United Airlines, the second-biggest airline in the United States, is planning to lay off 950 pilots, which is 15% of its total number of pilots. In a statement, the company said that it had to take “a difficult, but necessary step to reduce the number of people we have to run our business” in the face of high costs of fuel and a slump in economy.
Earlier in June 2008, United Airlines had announced plans to cut its flight schedule, ground about 100 fuel-guzzling jet planes and do away with 1,600 white-collar jobs.
United had also said it would dismantle its budget jet service called Ted Airlines.
United Airlines, a subsidiary of UAL Corporation with corporate offices in Chicago, the United States, has its largest hub at O’Hare International Airport.
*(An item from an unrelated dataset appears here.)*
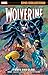 Wolverine Epic Collection, Vol. 9: Tooth and Claw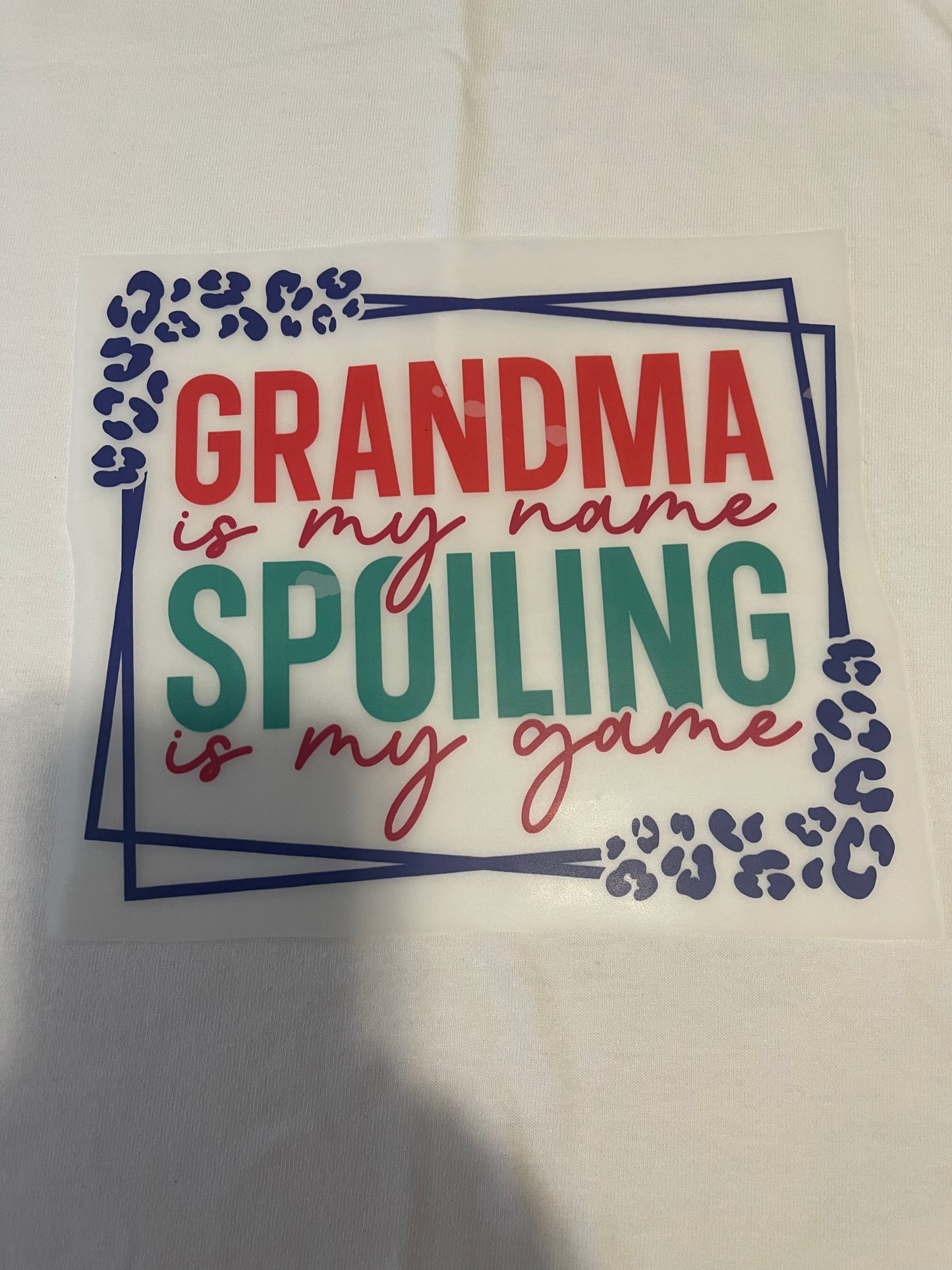 Grandma Is My Name-Dtf T-shirt Design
Its other hubs are Denver International Airport, Washington Dulles International Airport, San Francisco International Airport, and Los Angeles International Airport.
The website washingtonpost.com quoted Dave Kelly, spokesman for the United Airlines chapter of the Air Line Pilots Association, as commenting on the elimination of 950 pilot jobs: “The carrier’s focus on mergers in past years and a lack of focus on operations have contributed to the airline’s current problems. It’s disappointing any time any of our pilots are furloughed. Fuel prices are not totally to blame. The company’s business plan, or lack thereof, contributed to this decision.”
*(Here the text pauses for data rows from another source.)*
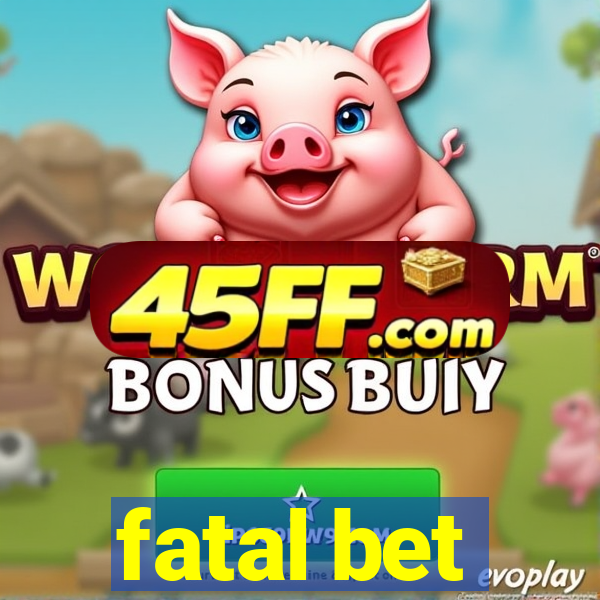 fatal bet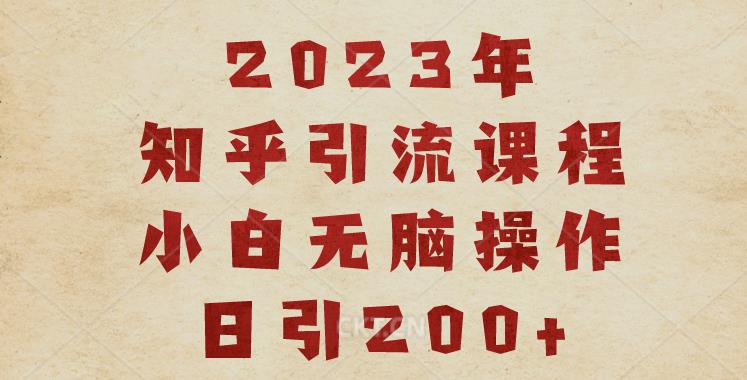 2023知乎引流课程，小白无脑操作日引200+【揭秘】-温暖资源库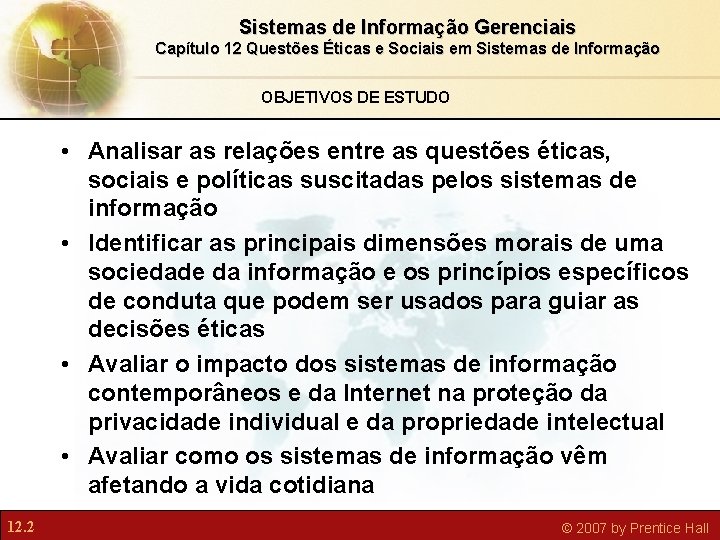 Sistemas de Informação Gerenciais Capítulo 12 Questões Éticas e Sociais em Sistemas de Informação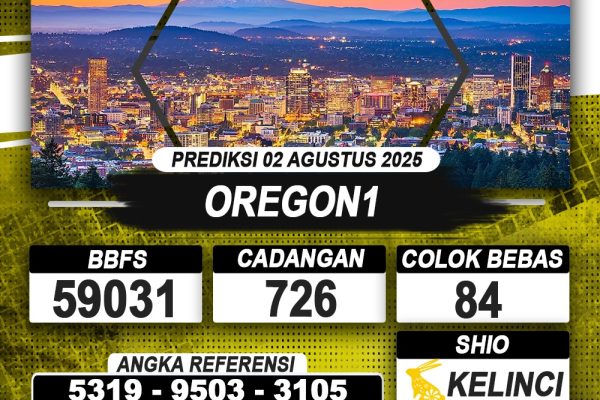 PREDIKSI OREGON1 02 AGUSTUS 2025 | PREDIKSI TOGEL KUNINGTOTO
The Air Line Pilots Association represents about 55,000 pilots.
A spokeswoman for United Airlines, washingtonpost.com added, said that other job cuts could follow and that the company had begun notifying other union-represented workers about possible layoffs. Unionised workforce of the airline includes mechanics, flight attendants, customer service agents and baggage handlers.
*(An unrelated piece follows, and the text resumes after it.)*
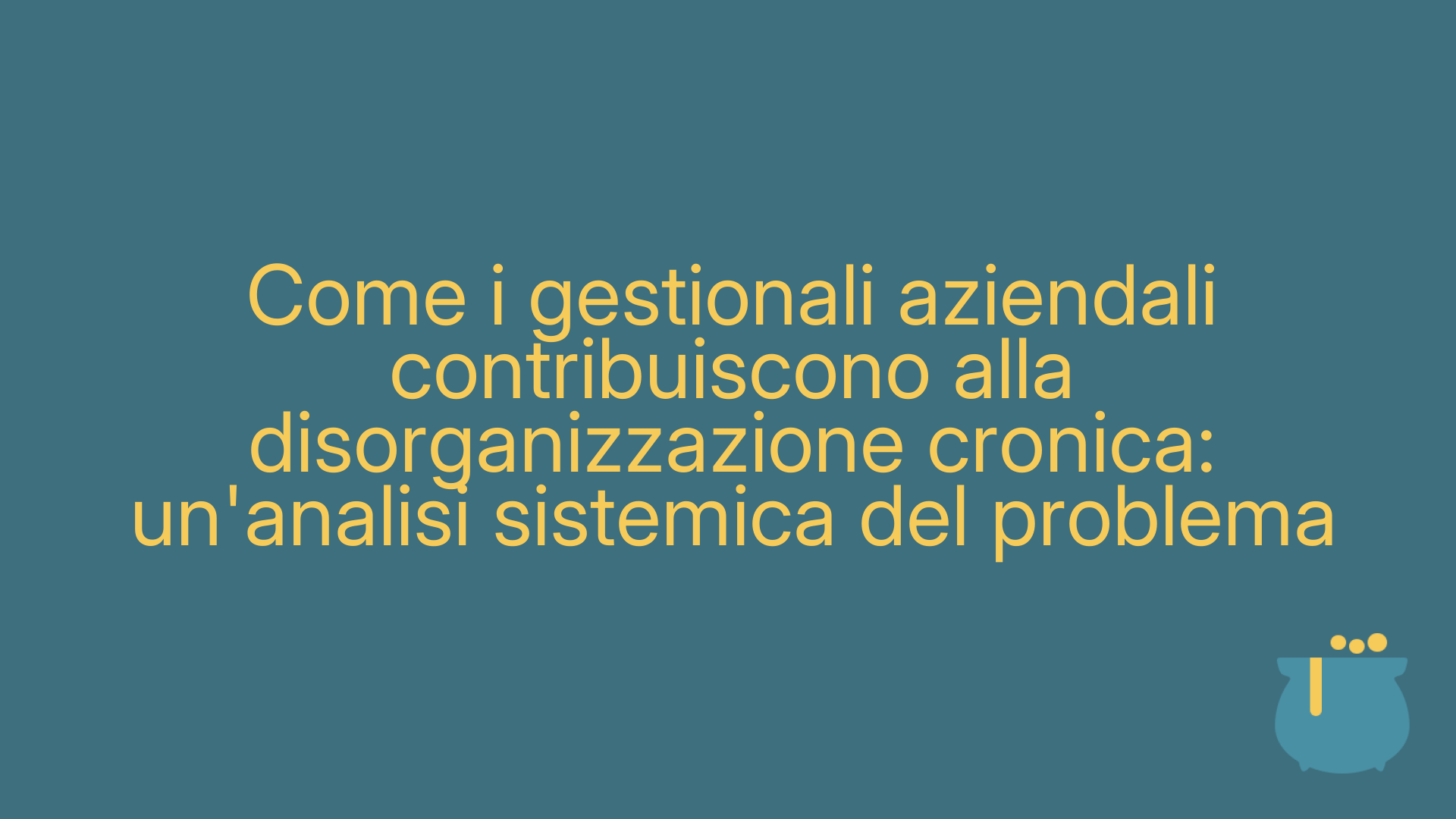 Come i gestionali aziendali contribuiscono alla disorganizzazione cronica: un'analisi sistemica del problema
United Airlines, which has about 6,600 pilots in all, will send the first notification to about 100 pilots by the middle of July 2008. The furloughs will continue into 2009.
Under the furlough system, pilots could return to the airline if financial conditions improve, in order of seniority.
It may be recalled that United Airlines was the first carrier to announce a fee of $25 for a second checked bag. Many airlines, including United Airlines, now charge fees for all checked luggage.
A week ago, Continental Airlines, based in Houston, Texas, and United Airlines had said they would work together in an alliance to enhance revenues with a view to offsetting rising costs of fuel. Under the agreement, the two airlines will book seats on each other’s planes and create joint ventures for overseas flights.